**WHAT YOU SHOULD DO**
In the entries that follow, find the line containing "Filomena Bar Pendant" and the line containing "LAMPA WISZĄCA SUFITOWA", then retype exactly the lines from the first through the second, pictures excluded.

**DATASET**
──────────────────────────────
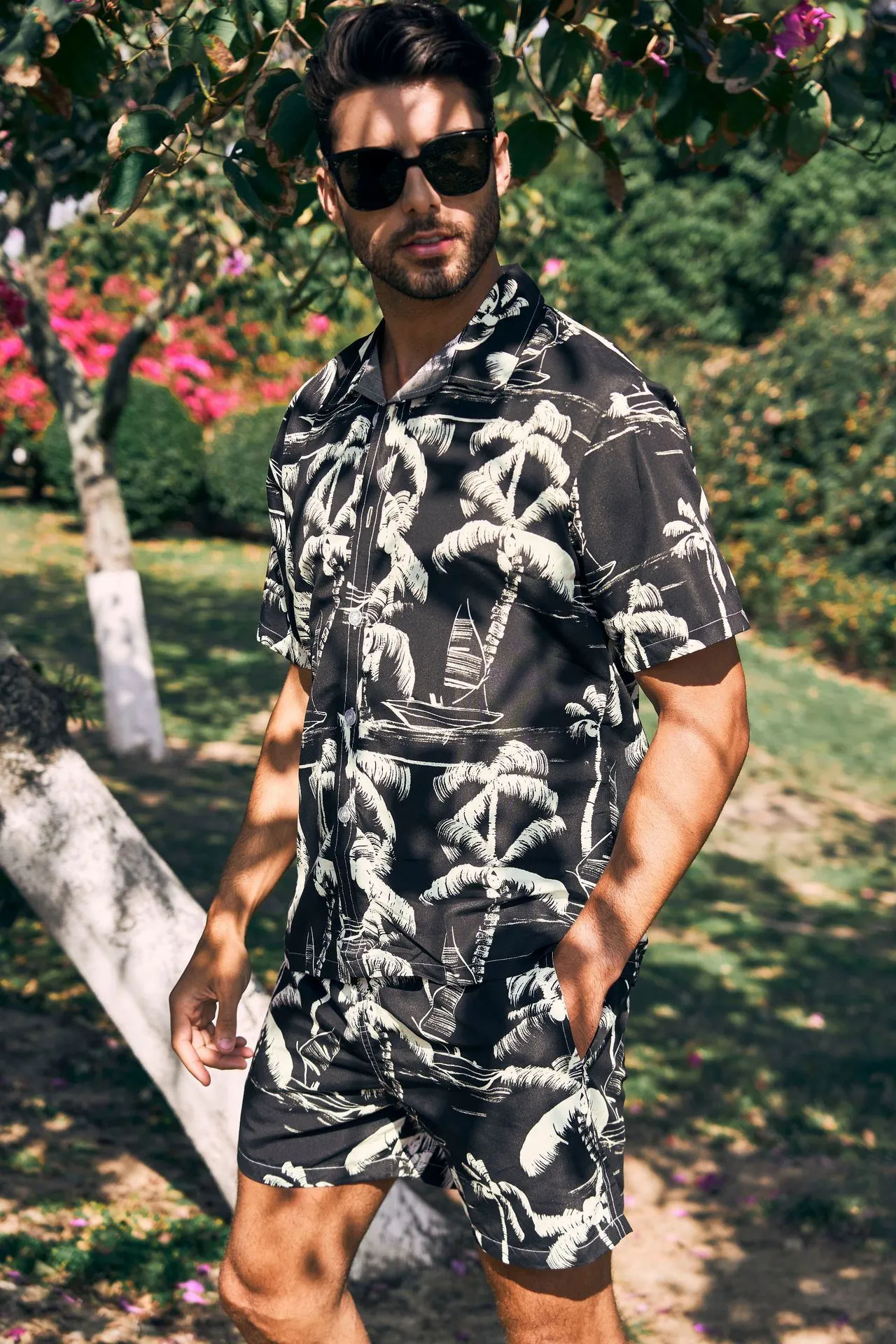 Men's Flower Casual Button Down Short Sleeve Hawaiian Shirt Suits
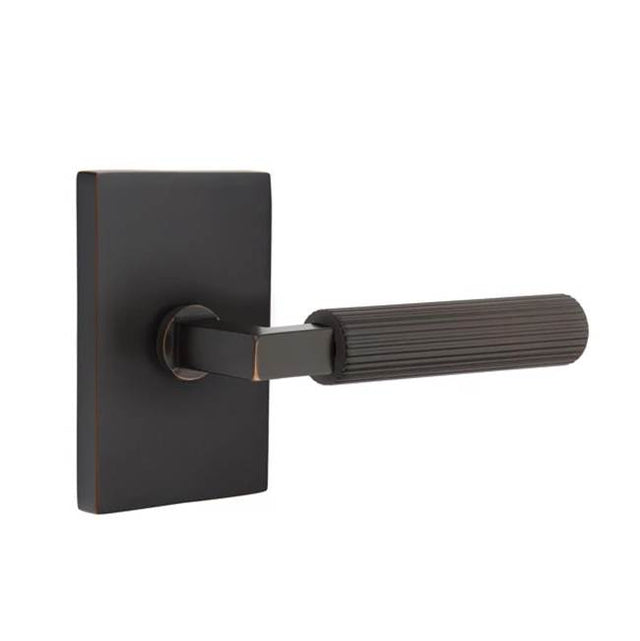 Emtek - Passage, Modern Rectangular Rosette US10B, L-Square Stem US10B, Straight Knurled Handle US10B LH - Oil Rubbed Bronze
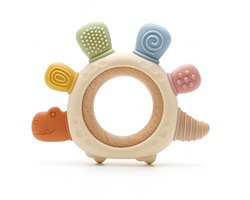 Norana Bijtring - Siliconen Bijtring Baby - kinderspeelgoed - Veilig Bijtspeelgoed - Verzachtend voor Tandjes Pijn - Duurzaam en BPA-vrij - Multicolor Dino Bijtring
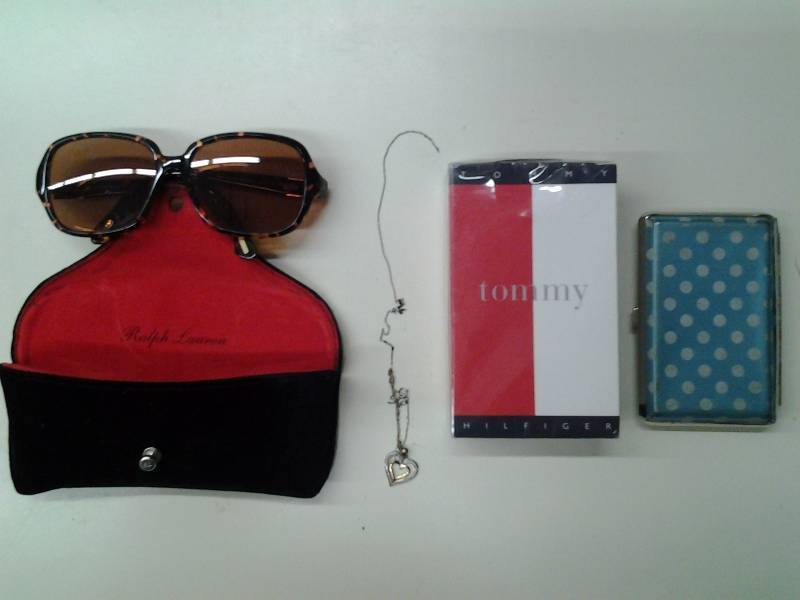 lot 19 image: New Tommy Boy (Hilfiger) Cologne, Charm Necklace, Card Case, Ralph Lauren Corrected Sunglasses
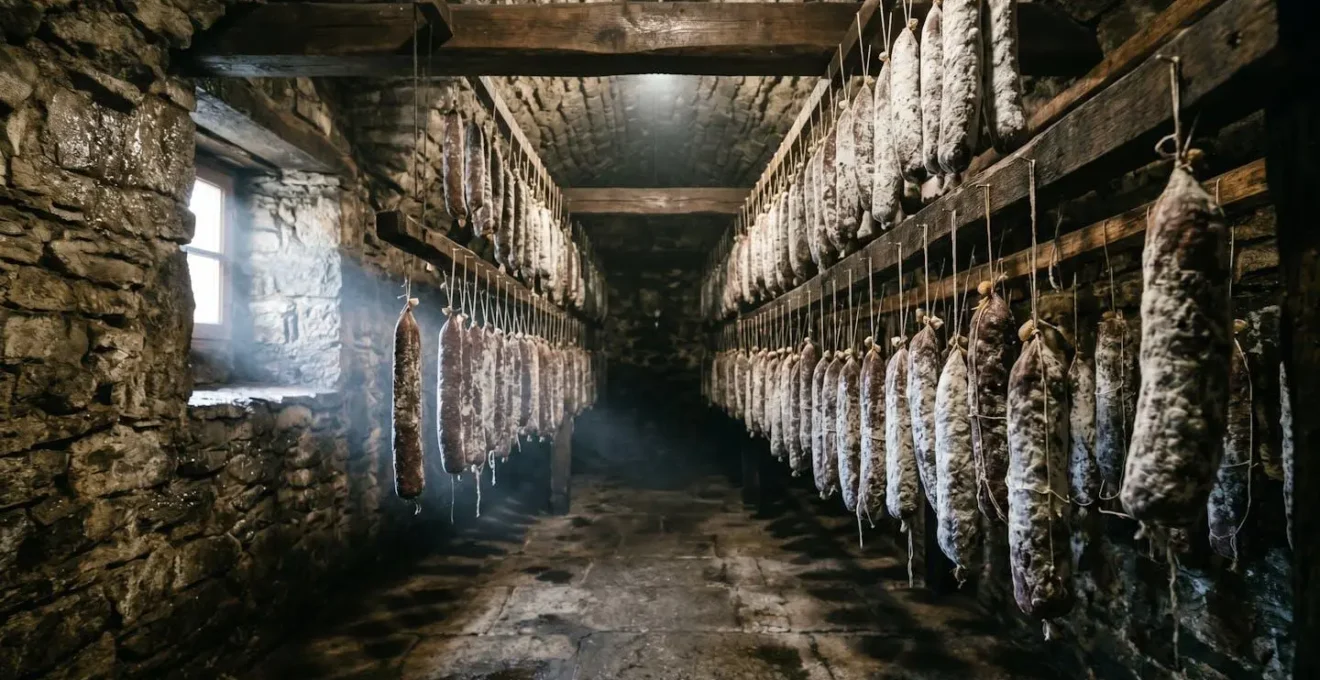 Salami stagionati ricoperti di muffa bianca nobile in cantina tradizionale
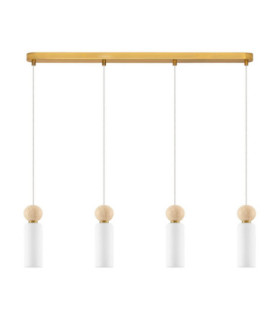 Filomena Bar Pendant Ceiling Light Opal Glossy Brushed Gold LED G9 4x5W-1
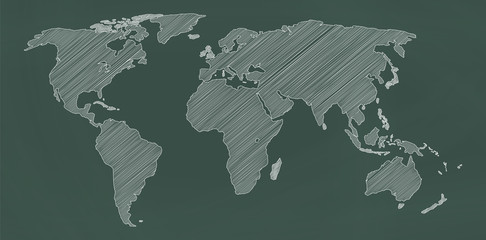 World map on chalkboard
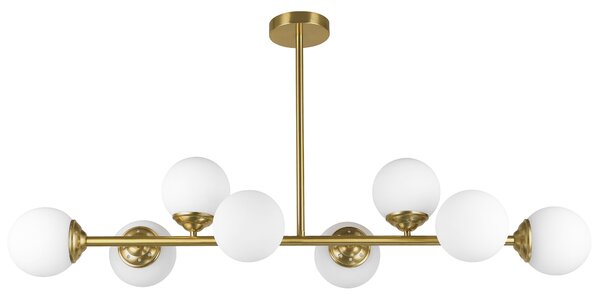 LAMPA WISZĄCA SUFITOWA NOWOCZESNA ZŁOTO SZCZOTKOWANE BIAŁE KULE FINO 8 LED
──────────────────────────────
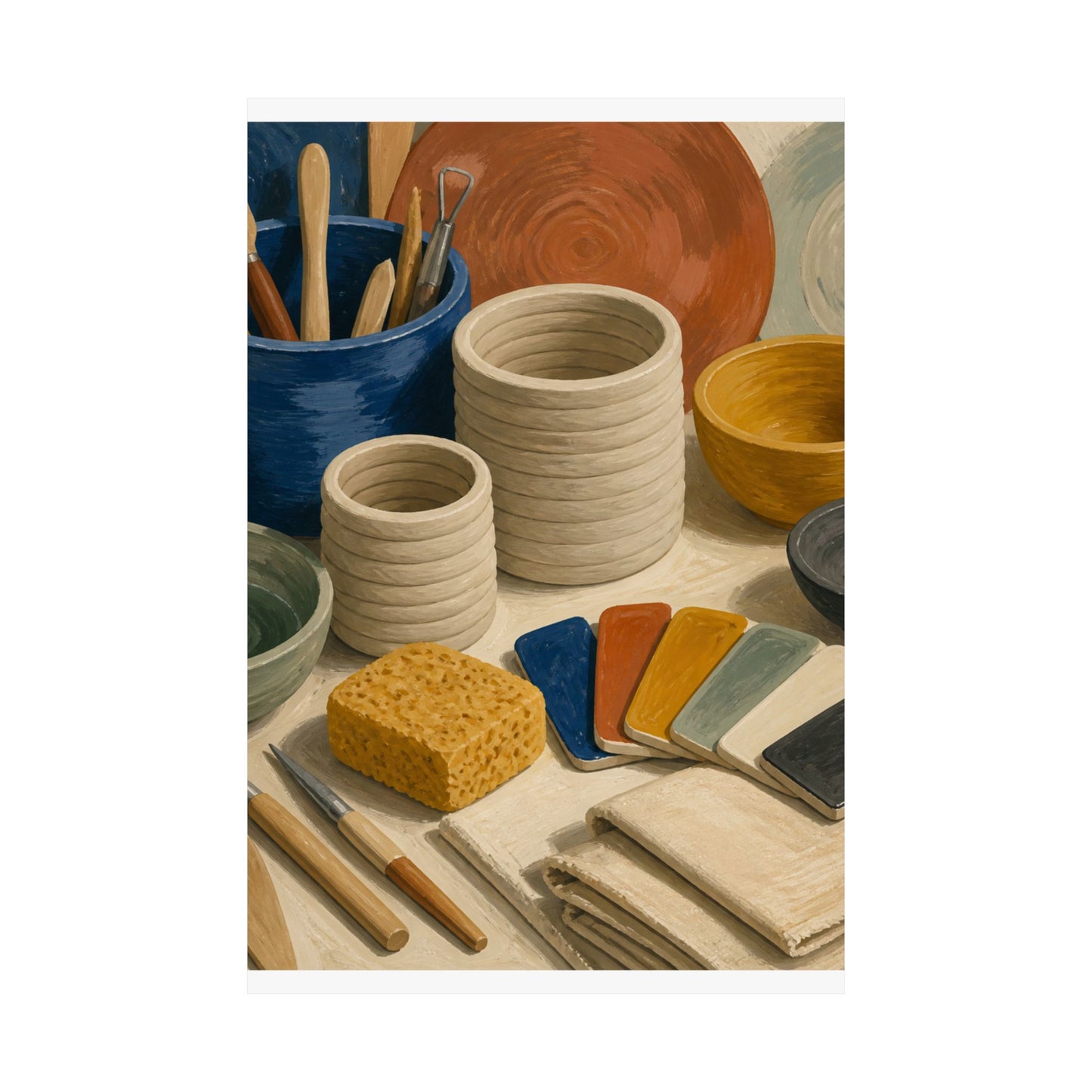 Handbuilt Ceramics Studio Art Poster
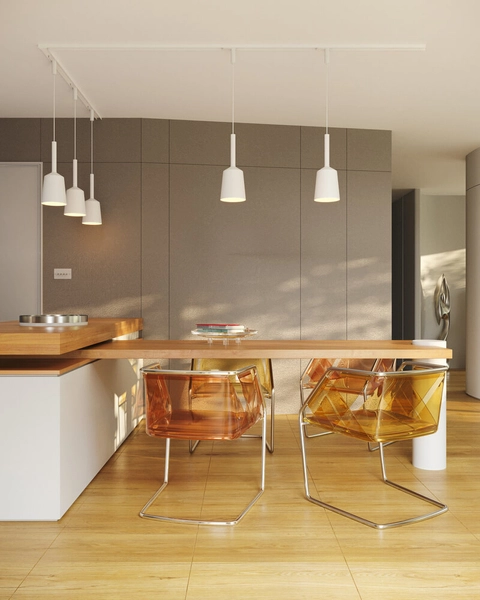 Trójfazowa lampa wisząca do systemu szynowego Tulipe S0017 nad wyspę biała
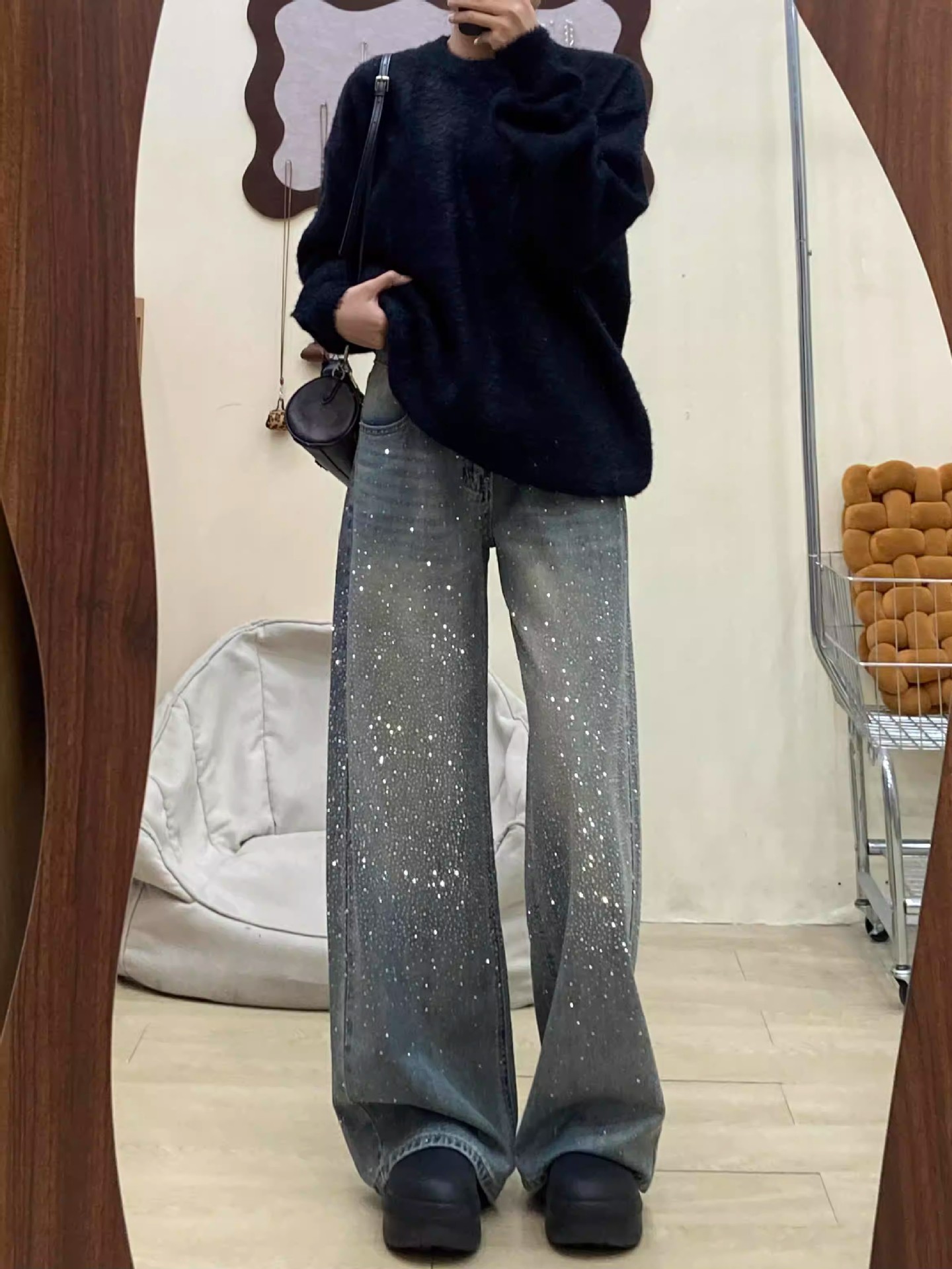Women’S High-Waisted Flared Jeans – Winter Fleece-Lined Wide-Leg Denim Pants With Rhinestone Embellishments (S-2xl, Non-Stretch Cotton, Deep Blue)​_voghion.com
──────────────────────────────
**EXERCISE SOLUTION**
 Filomena Bar Pendant Ceiling Light Opal Glossy Brushed Gold LED G9 4x5W-1
 World map on chalkboard
 LAMPA WISZĄCA SUFITOWA NOWOCZESNA ZŁOTO SZCZOTKOWANE BIAŁE KULE FINO 8 LED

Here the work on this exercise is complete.